La erupción del Jorullo
La explosión del Jorullo en 1759 fue precedida por terremotos, profecías y un temor generalizado. La madrugada del día de San Miguel, el volcán nació con estrépito, fuego y cenizas que oscurecieron el cielo por días. Cientos huyeron guiados por un jesuita, mientras ardían casas y surgía una nueva montaña. Este es un testimonio de cómo se transformó el paisaje de un valle de la Tierra Caliente michoacana.
La erupción del Jorullo
Diario de Ajofrín, junio de 1764
“Antes era un paraíso; ahora es un infierno. Antes había muchas sabandijas; ahora ninguna.
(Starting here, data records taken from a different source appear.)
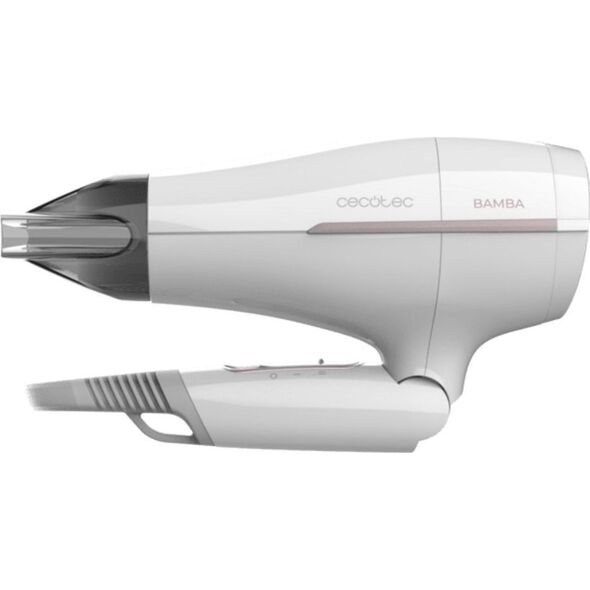 Cecotec Bamba IoniCare Power&Go Heaven Suszarka 2000 W + Koncentrator i Dyfuzor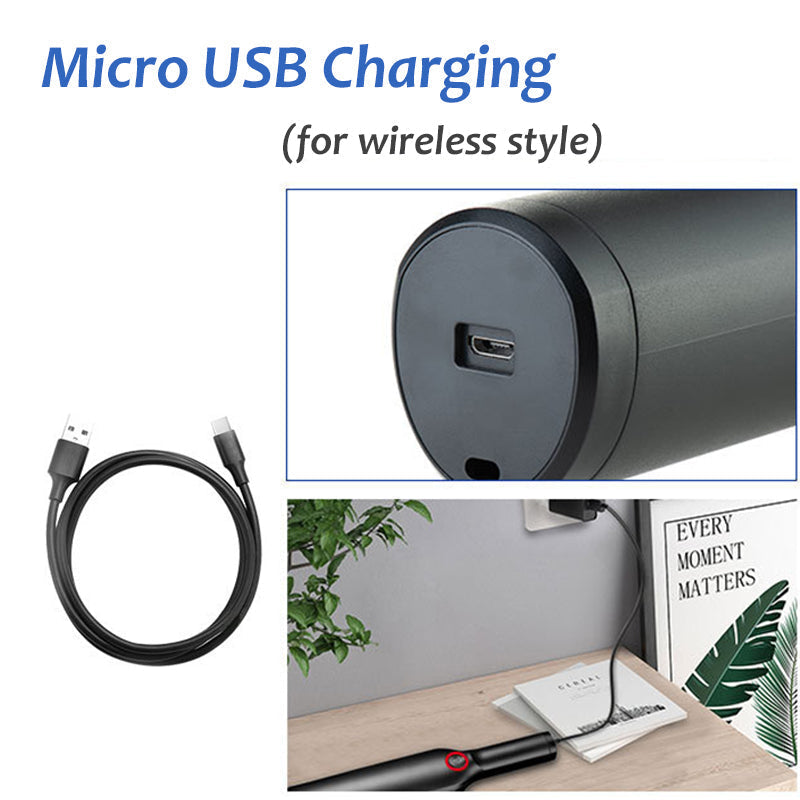 Rechargeable Wireless Car Vacuum Cleaner - Image 8
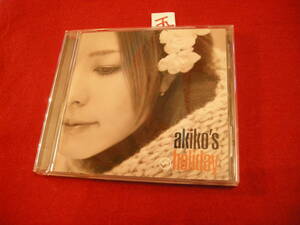 五即決CD!　akiko　/　akiko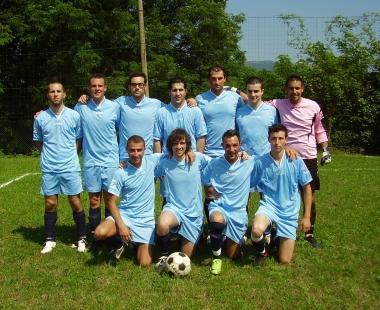 Vaiano United e I' voto si confermano ai vertici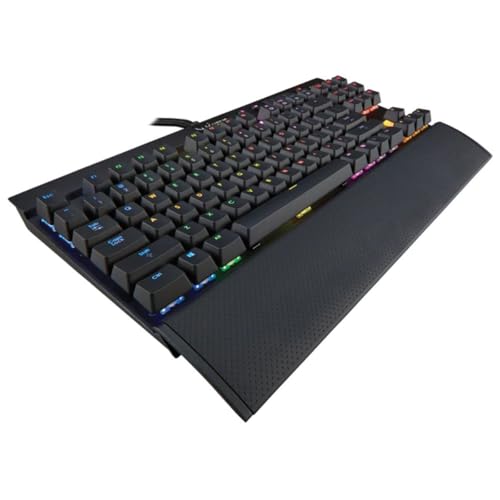 Clavier d'ordinateur Corsair 15666435 K55 RGB Pro Clavier USB QWERTY Anglais - vue 4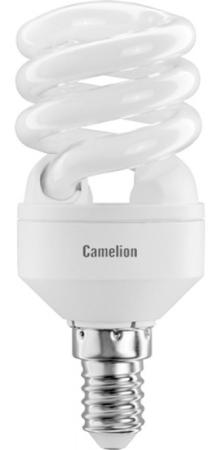 Лампа энергосберегающая спираль Camelion CF13-AS-T2/827/E14 E14 13W 2700K 11246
Antes era tierra caliente; ahora, templada. Antes no había rocíos; ahora los hay abundantes. Antes, los pastos eran ásperos y fuertes; ahora, suaves y dulces. Donde antes había peñas, ahora no se ve ninguna; donde antes era llano, ahora es monstruoso.” A principios de junio de 1764, el fraile español, Francisco de Ajofrín, visitó el volcán de Jorullo en la Tierra Caliente michoacana, cuando éste llevaba casi cinco años en actividad; y así describió cómo se había trastornado todo su entorno.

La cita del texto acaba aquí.